It only took
thirty thirty-two years, but I am pretty sure I know who I am.
edit is ironic, given that I started this conversation two years ago and I am just coming back to it now]
Time feels endless in the pursuit of figuring that out. What am I supposed to do now? Just kidding. I guess you could say that I’m feeling the ground beneath me, certain of the footing that lies under my feet.
I haven’t settled in to articulate thoughts lately, whether it’s because there is too much or too little to share, I am not sure. Or perhaps, the need to do so changed when I did. Because there’s been a lot of that.
In the last five years, something profound has taken shape in my life – the process of knowing me has become my primary venture, and in doing so, I’ve found the strength in facing [yes, facing] who I am with significant clarity. Learning and loving it, really.
My sister gave me a journal a few Christmasses ago. In addition to the mosaic of images that she crafted together to make the cover page, what’s unique about this space is that each page is split in two – one heading reads ‘fears/insecurities/lies’ while its counterpart states ‘truth’. The idea? List the former and find the latter – through counsel, scripture, or other sources of wisdom that might guide the sensitivities of the heart.
A place to be vulnerable.
It took two years to write anything down.
I think that’s what happens when someone declares what I did above – I am pretty sure I know who I am – entering a state of vulnerability is almost more difficult. As if considering fears/insecurities/lies might disrupt the place I’ve come to in knowing who I am… at the risk that there is even MORE to know. The journal and charge came along right when I was feeling, for the first time in my adult life, remarkably settled. Content. Confident. Not brave or courageous, just present. Some of these aspects included: evolving closer to I’m-a-really-great-teacher status, losing 65+ pounds, sharing long protected honesties, limiting expectations, loving my family freely as they are, investing wisely, and trusting the process. I wanted to breathe that in and out for awhile. Forever, if I could. Because I worked so hard to get here.
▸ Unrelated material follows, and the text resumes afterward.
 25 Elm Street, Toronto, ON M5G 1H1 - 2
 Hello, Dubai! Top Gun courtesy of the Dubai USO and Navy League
And then, a couple years pass, and knowing who I am seems to be the current resting place for waiting for things to happen [and wondering why they haven’t]. In effort to set some goals for this current season, one of desiring change and shedding habits of an unsatisfying routine, the inevitable travel of self-discovery is starting again. Though I know it’s been happening all along.
Integrity, honesty, faith, compassion, intellectual strength, silence, nourishment, generosity, independence, humility, grace – all descriptors of what I understand as ambient values in who I am. Now though, I’m hopeful that this continued learning identifies some other characteristics, too – trust, courage, adventures, activism, spirituality, boldness, and disciplined commitment.
For so long, I’ve submitted to an idea that almost everything is out of my control – like meeting someone and falling in love or securing that moment in time where all is well for me, too. As I’ve uncovered who I am, it’s pretty easy to see the flaws of that thinking; circumstances can absolutely be created from a willingness to step beyond and consider the possibility that I have way more influence on where [and what/who/why] I am than I’ve credited before.
Generating a list in the aforementioned journal is simply a vessel to approach those crevasses of my being that I have yet to know. And maybe there, I will find more truths that make knowing who I am, in all its messy and disrupting vulnerability, an even more extraordinary, exposing place to be.